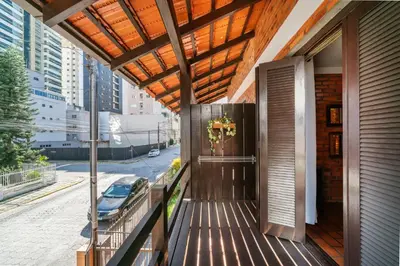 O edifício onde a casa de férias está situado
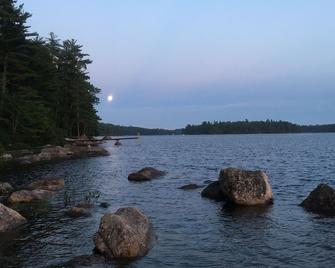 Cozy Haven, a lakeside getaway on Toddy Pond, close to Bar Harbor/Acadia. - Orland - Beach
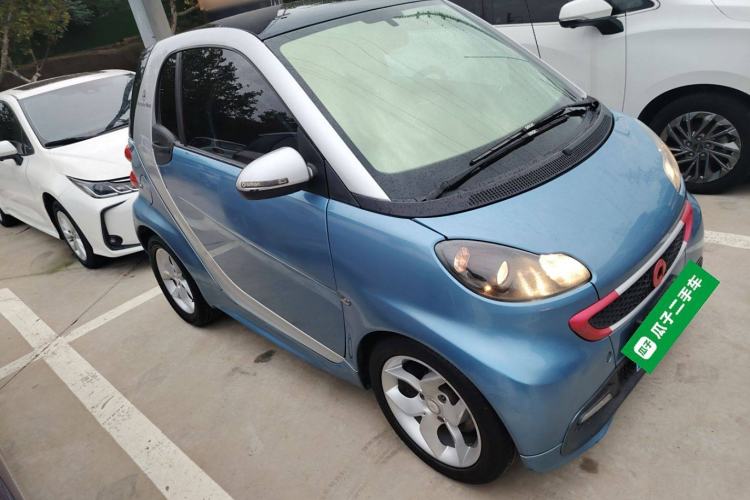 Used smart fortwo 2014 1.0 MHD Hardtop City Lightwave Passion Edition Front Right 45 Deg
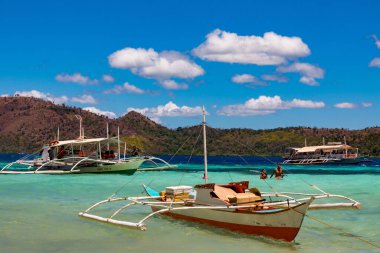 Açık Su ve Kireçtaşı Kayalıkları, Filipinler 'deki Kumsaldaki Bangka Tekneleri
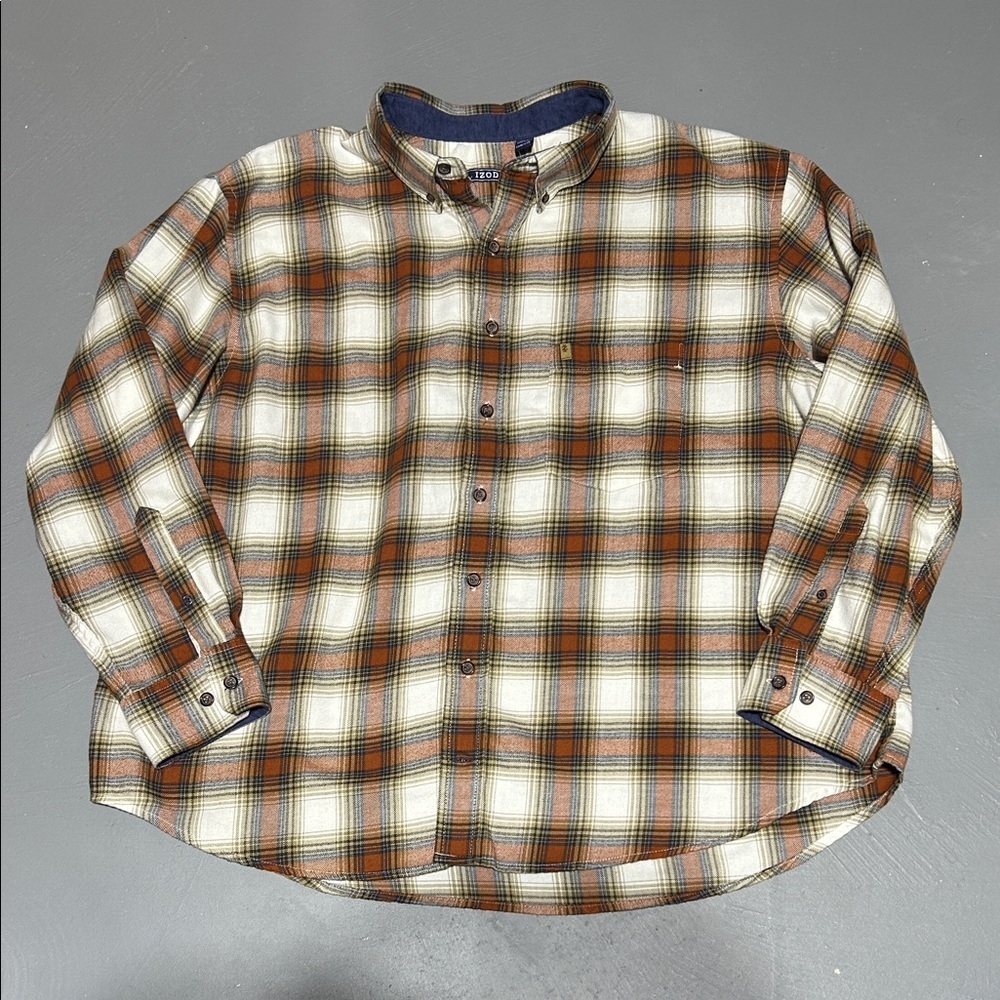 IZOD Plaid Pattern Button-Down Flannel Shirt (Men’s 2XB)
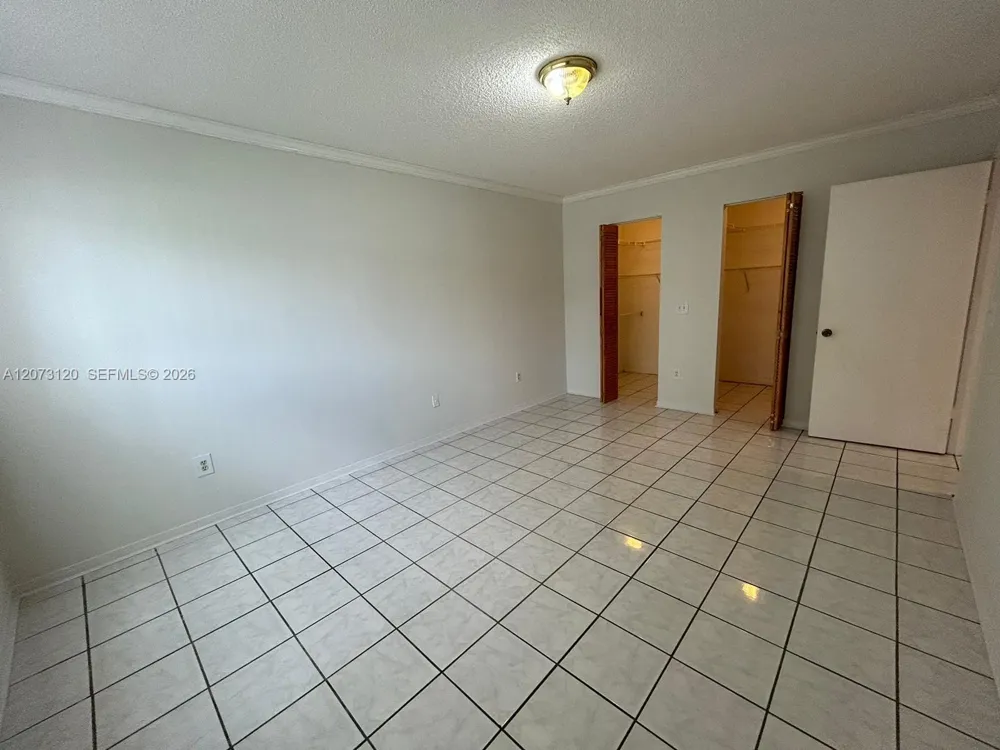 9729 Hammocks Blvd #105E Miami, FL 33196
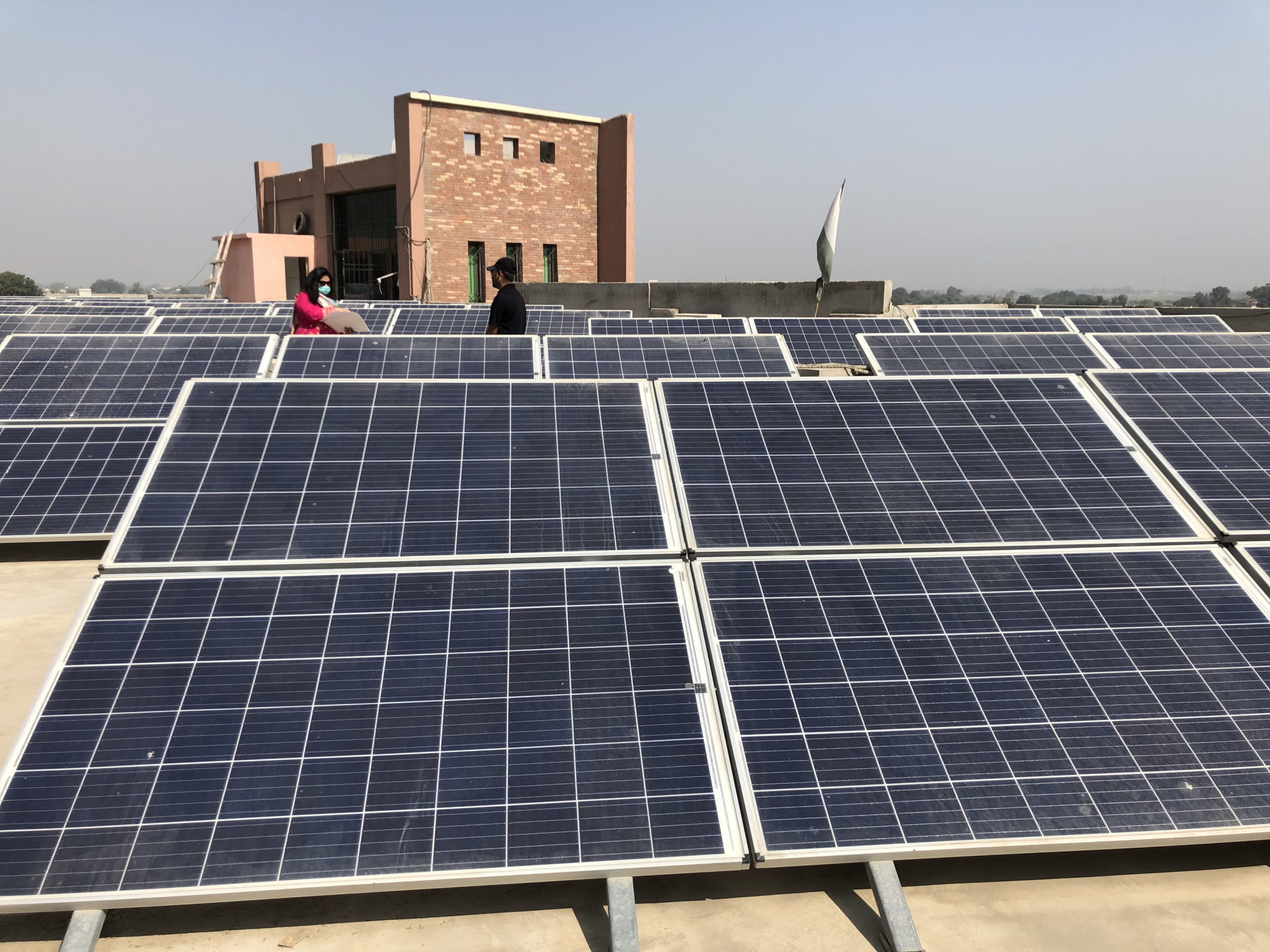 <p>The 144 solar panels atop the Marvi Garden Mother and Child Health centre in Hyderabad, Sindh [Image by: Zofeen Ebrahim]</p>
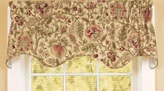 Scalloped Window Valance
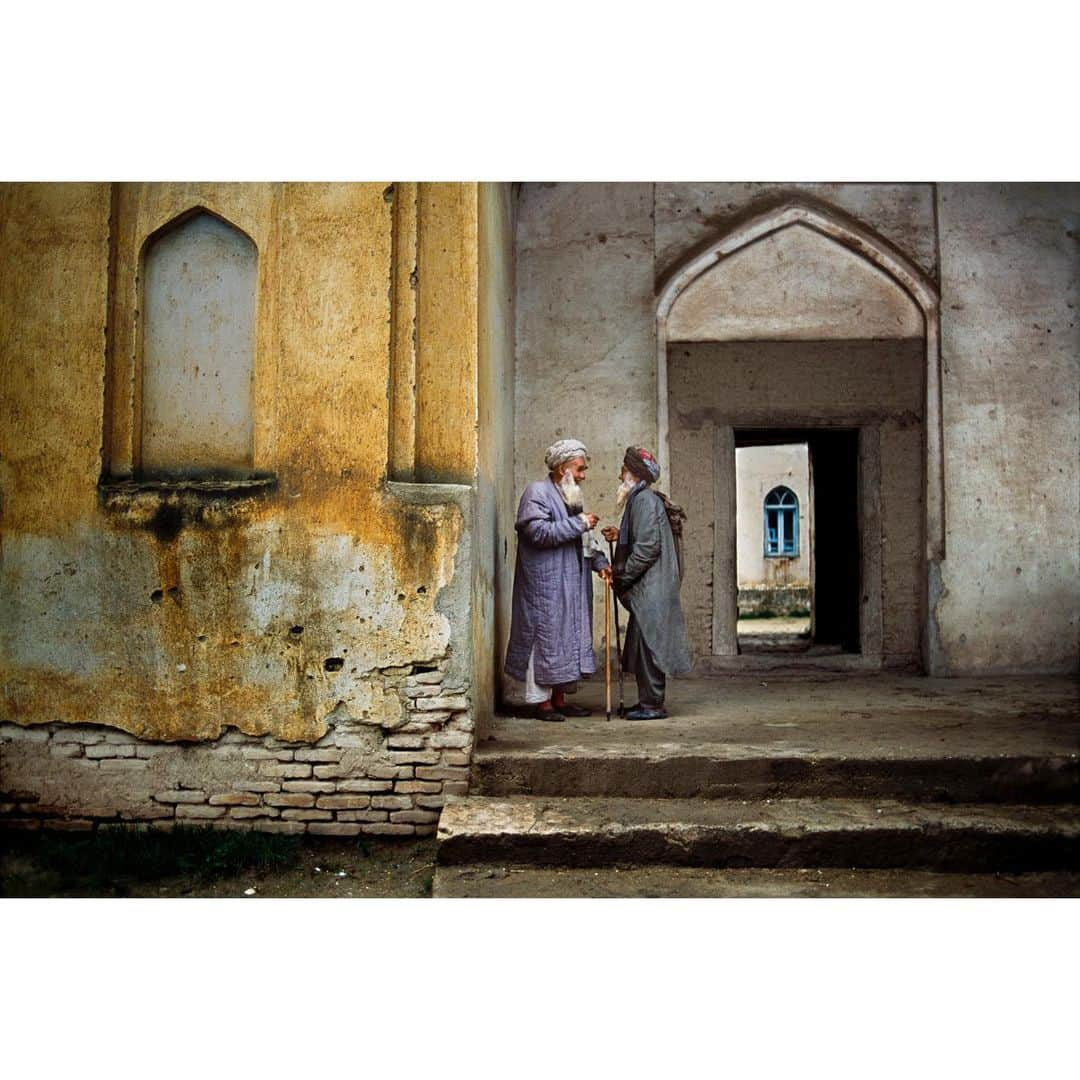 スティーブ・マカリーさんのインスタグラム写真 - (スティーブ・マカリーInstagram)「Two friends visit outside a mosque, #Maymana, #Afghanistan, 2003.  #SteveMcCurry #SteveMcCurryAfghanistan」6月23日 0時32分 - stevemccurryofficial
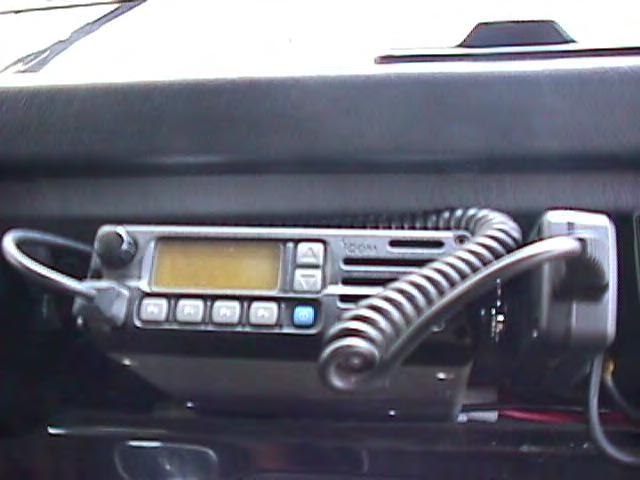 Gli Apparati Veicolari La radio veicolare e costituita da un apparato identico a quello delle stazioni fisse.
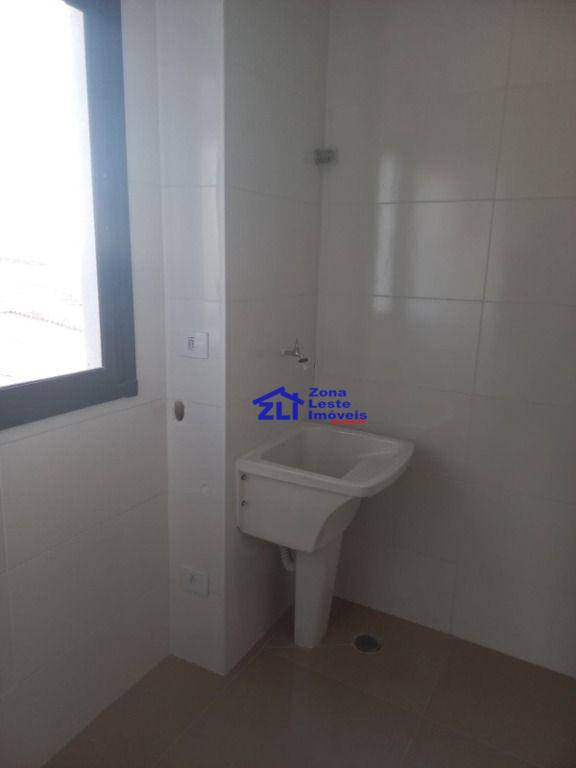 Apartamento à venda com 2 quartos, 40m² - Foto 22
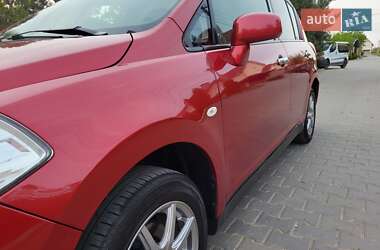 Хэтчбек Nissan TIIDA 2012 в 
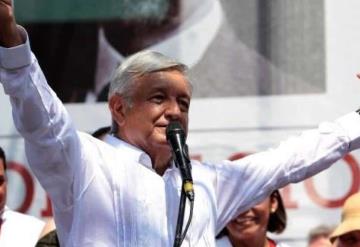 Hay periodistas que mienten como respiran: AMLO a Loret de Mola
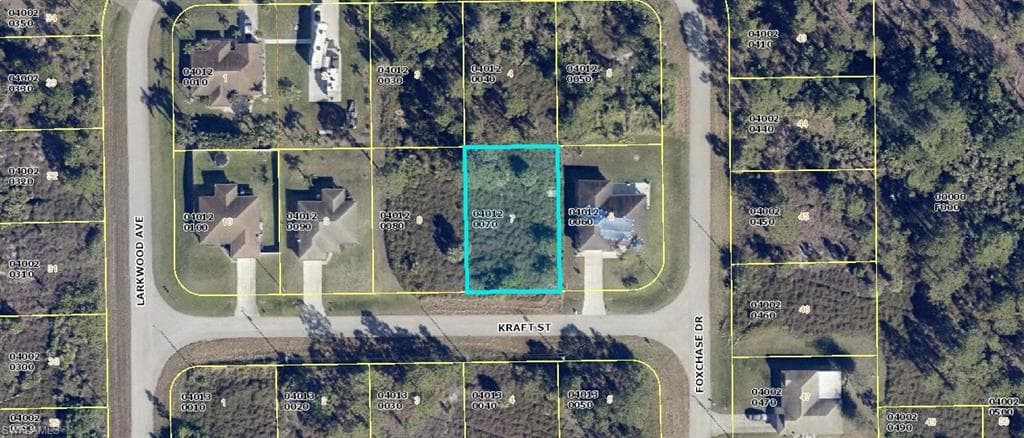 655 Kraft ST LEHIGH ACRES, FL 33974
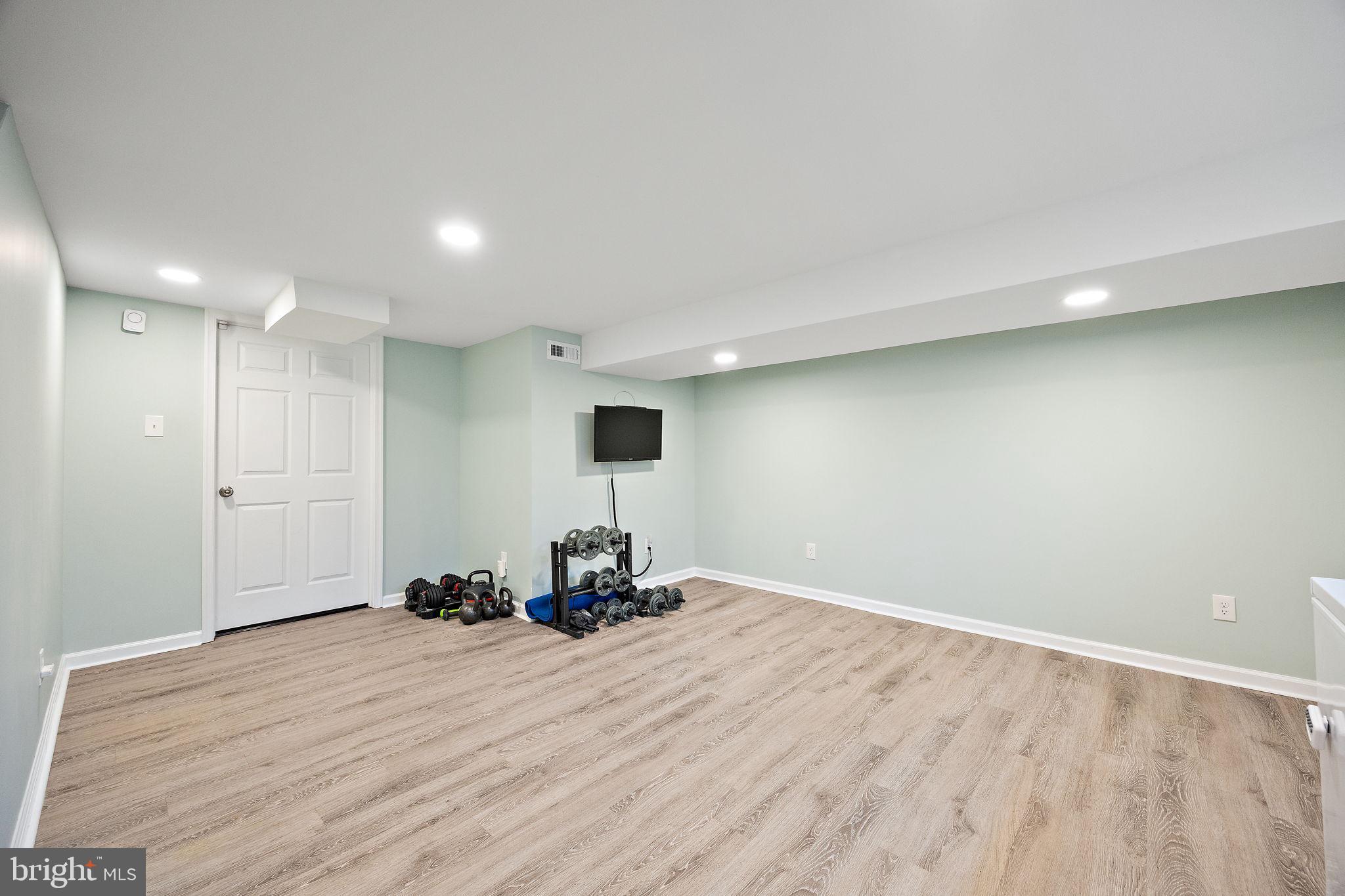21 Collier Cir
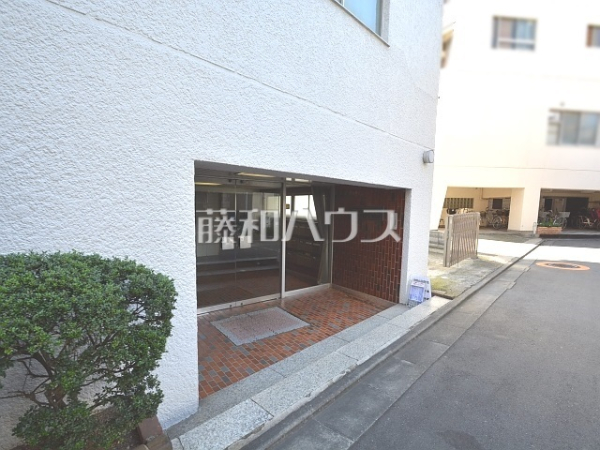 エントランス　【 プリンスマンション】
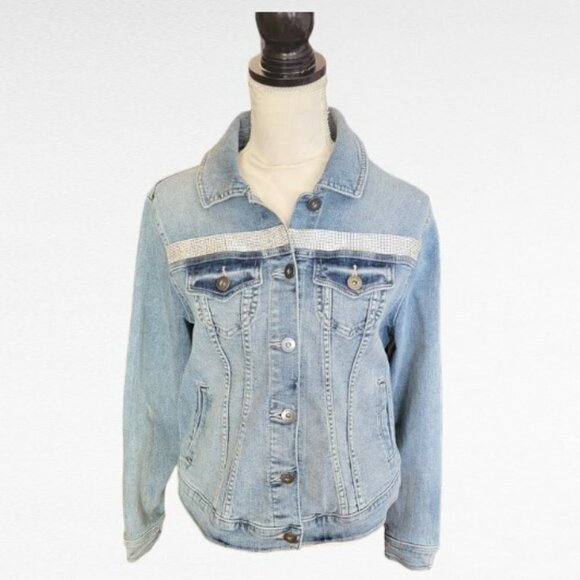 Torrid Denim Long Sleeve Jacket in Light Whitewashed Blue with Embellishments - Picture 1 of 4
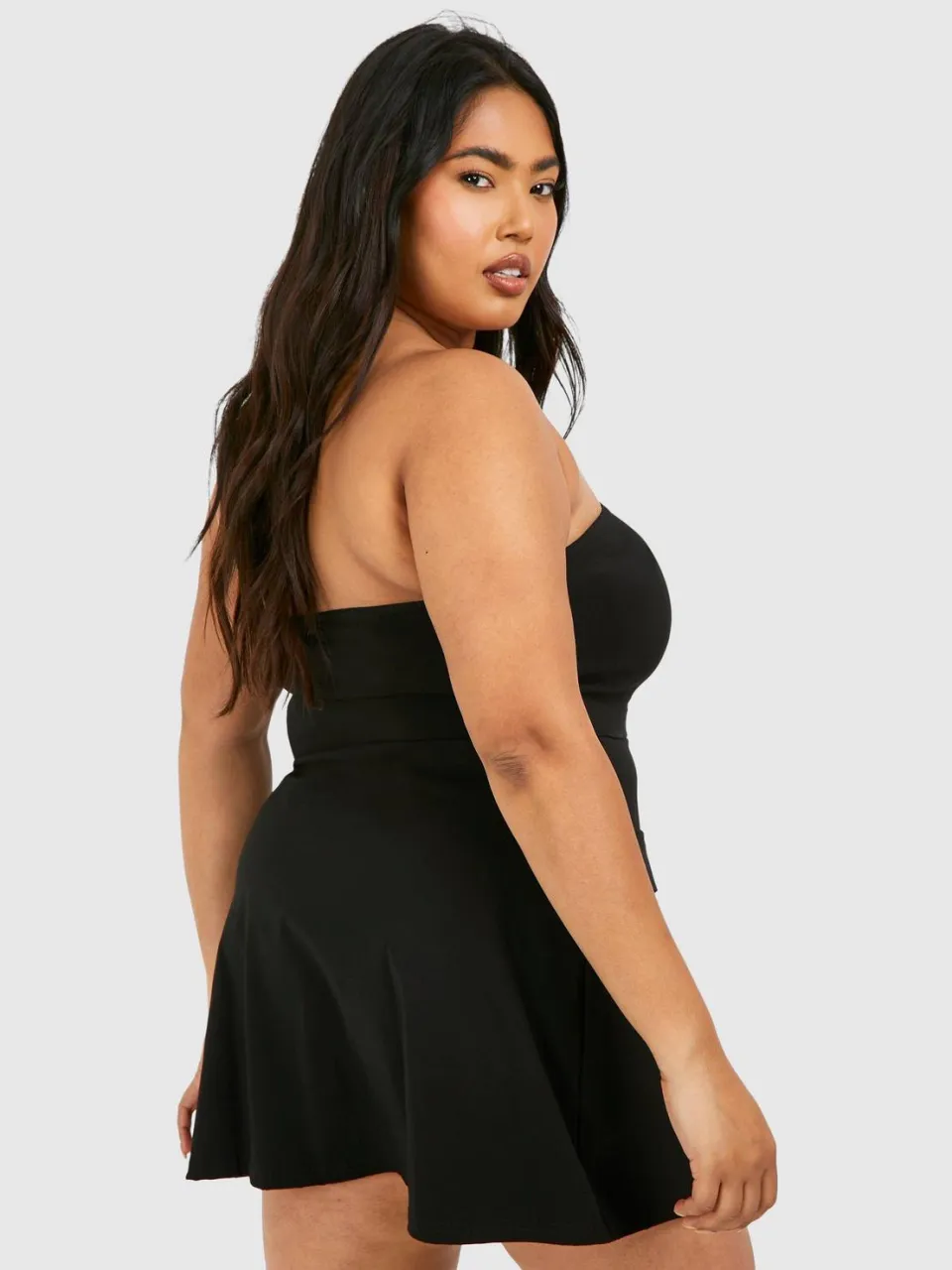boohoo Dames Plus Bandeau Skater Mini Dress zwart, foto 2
__________
● **WHAT THE TASK ASKS**
Exactly repeat the material from its first line through the line with "スティーブ・マカリーさんのインスタグラム写真 - (スティーブ・マカリーInstagram)「Two", including both, and leave the pictures and everything else out.

● **RESULT OF THIS TASK**
 O edifício onde a casa de férias está situado
 Cozy Haven, a lakeside getaway on Toddy Pond, close to Bar Harbor/Acadia. - Orland - Beach
 Used smart fortwo 2014 1.0 MHD Hardtop City Lightwave Passion Edition Front Right 45 Deg
 Açık Su ve Kireçtaşı Kayalıkları, Filipinler 'deki Kumsaldaki Bangka Tekneleri
 IZOD Plaid Pattern Button-Down Flannel Shirt (Men’s 2XB)
 9729 Hammocks Blvd #105E Miami, FL 33196
 <p>The 144 solar panels atop the Marvi Garden Mother and Child Health centre in Hyderabad, Sindh [Image by: Zofeen Ebrahim]</p>
 Scalloped Window Valance
 スティーブ・マカリーさんのインスタグラム写真 - (スティーブ・マカリーInstagram)「Two friends visit outside a mosque, #Maymana, #Afghanistan, 2003.  #SteveMcCurry #SteveMcCurryAfghanistan」6月23日 0時32分 - stevemccurryofficial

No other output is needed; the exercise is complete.